OK Google, How Is The Street Reacting To Alphabet's Q4 Earnings?

OK Google, How Is The Street Reacting To Alphabet's Q4 Earnings?

Alphabet Inc GOOG GOOGL reported mixed fourth-quarter earnings results. A handful of Wall Street analysts offered their take on the quarter and what's next for Google and YouTube.

Notably, the company disclosed YouTube advertising revenue, which came in at topped $15 billion in 2019, for the first time ever.

The Analysts

BofA Securities analyst Justin Post maintains a Buy rating on Alphabet's stock with a $1,620 price target.

Nomura analyst Mark Kelley maintains at Buy, price target lifted from $1,560 to $1,680.

Piper Sandler analyst Michael Olson maintains at Overweight, price target lifted from $1,500 to $1,600.

BofA: 'Bigger Story' To Read

Alphabet reported a revenue and EBIT miss in the quarter while GAAP EPS came in better than expected, Post wrote in a note. Beyond the headline numbers, other "sentiment drivers" were mixed, including Core Google operating margins rising two basis points, new Cloud disclosures point to a 53% growth rate and Infrastructure cloud growing faster, and management offered "early signs" of a more shareholder-friendly policy through incremental share repurchases in the quarter.

Despite a mixed overall earnings report, the analyst remains "optimistic" on the company's outlook. The cloud business showed growing adoption with $11.4 billion in the backlog and YouTube has room to grow from its current $7 to $8 per user in ad revenues in 2019.

Instinet: Growth Through Disclosure

Alphabet's miss can be mostly attributed to a shortfall in its Hardware business, Kelley said. The company disclosed new metrics for YouTube ads and subscription metrics along with data readouts from the Cloud business.

Management disclosed YouTube ad revenue rose 36% in 2019 while the Cloud business also grew 53%. The company also highlighted its success in cross-product service offerings among consumers and enterprise customers.
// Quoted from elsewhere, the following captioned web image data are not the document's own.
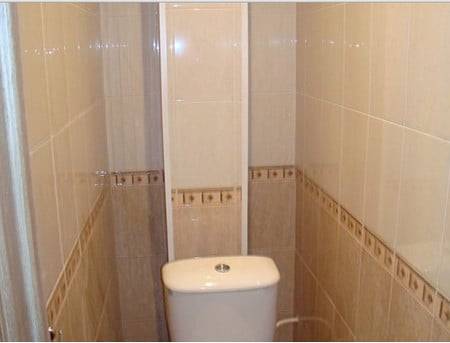 Comment joindre le tuyau et la colonne montante dans les toilettes si leurs diamètres ne correspondent pas ?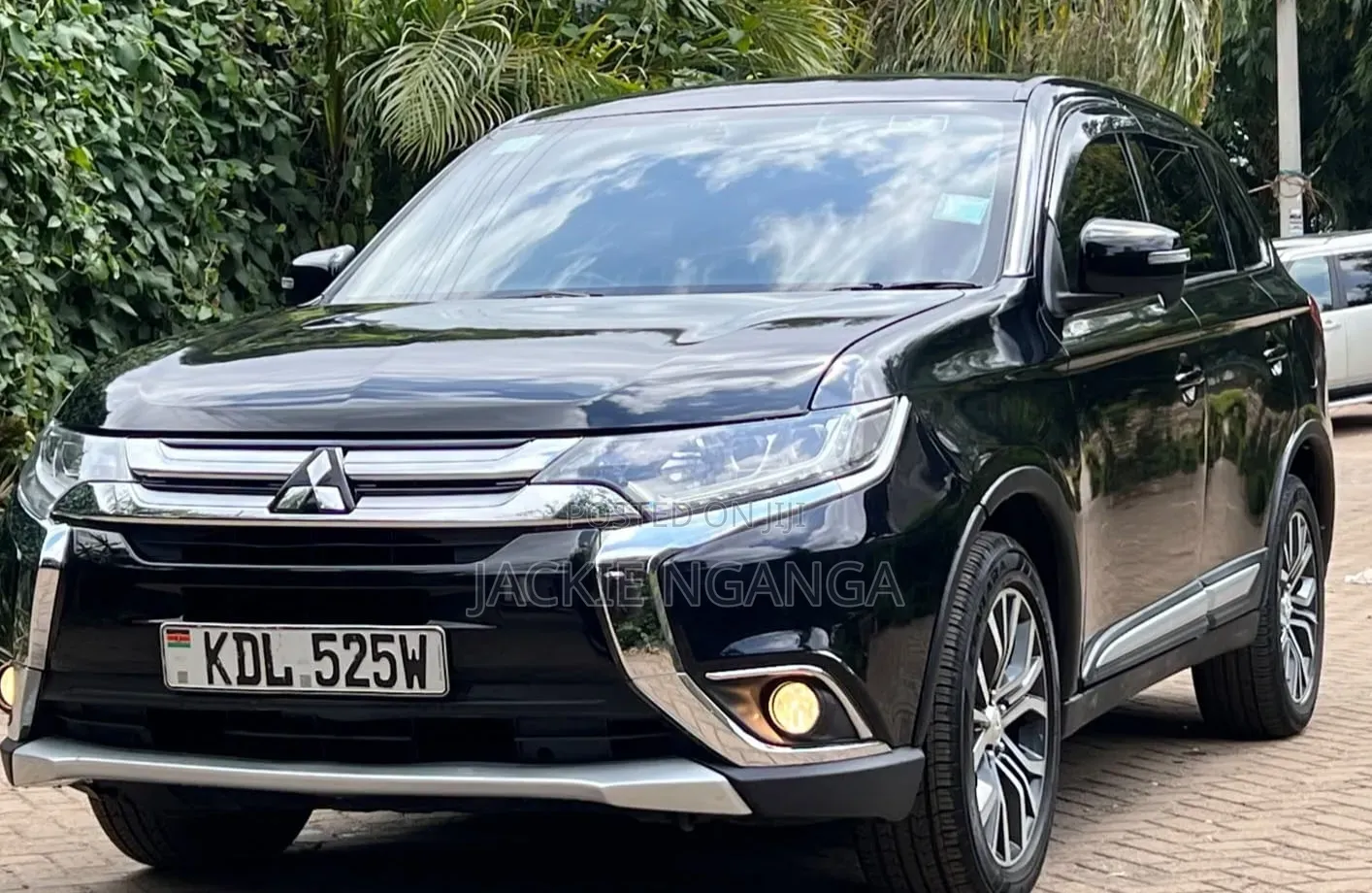 Mitsubishi Outlander 2016 Black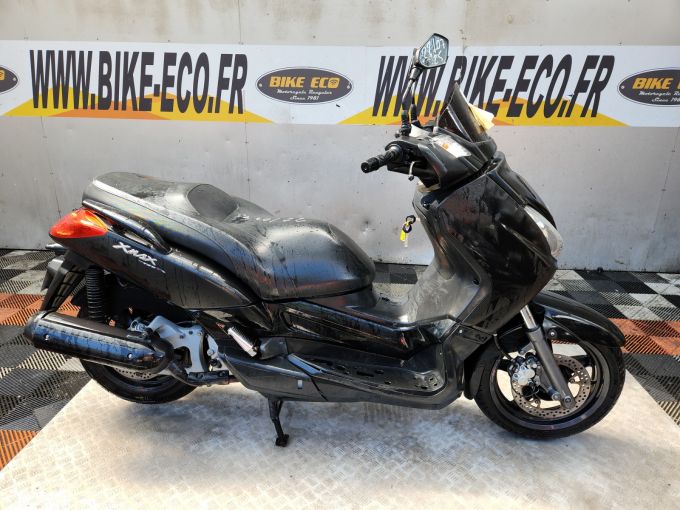YAMAHA XMAX 125 4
"Overall, we think the increased disclosure is a long-term positive, allowing investors to more accurately assess the performance of the company's biggest areas of focus and largest opportunities," the analyst wrote in a note.

Piper Sandler: Decelerating Core Business

Alphabet's disclosures around Cloud and YouTube show the business units are growing faster than the core company but off a smaller base. Olson said the Cloud and YouTube businesses are too small to offset the broader decline as Cloud represents 6% of 2019 revenue and YouTube accounts for another 9%.

"Said differently, despite the strength of these line items, we continue to model slowly decelerating overall company revenue growth," Olson wrote in a note.

Elsewhere On The Street

Alphabet's fourth-quarter revenue was "solid, but not stellar" as it was roughly in-line with the Sell-side consensus and a few hundred million short of buy-side expectations, Evercore ISI analyst Kevin Rippey said on CNBC. In addition, U.S. revenue growth decelerated notably which could prove to be an area of concern moving forward.

Alphabet's report won't "awe the Street" although it's far from a major upset, said Haris Anwar, analyst at Investing.com. Management deserves credit for introducing additional transparency in its financial reporting. This will offer investors "better insight" into how Google measures up to its competitors and where it's seeing pressure.

Alphabet Class A shares traded down 3% to $1,436.78 at the time of publication.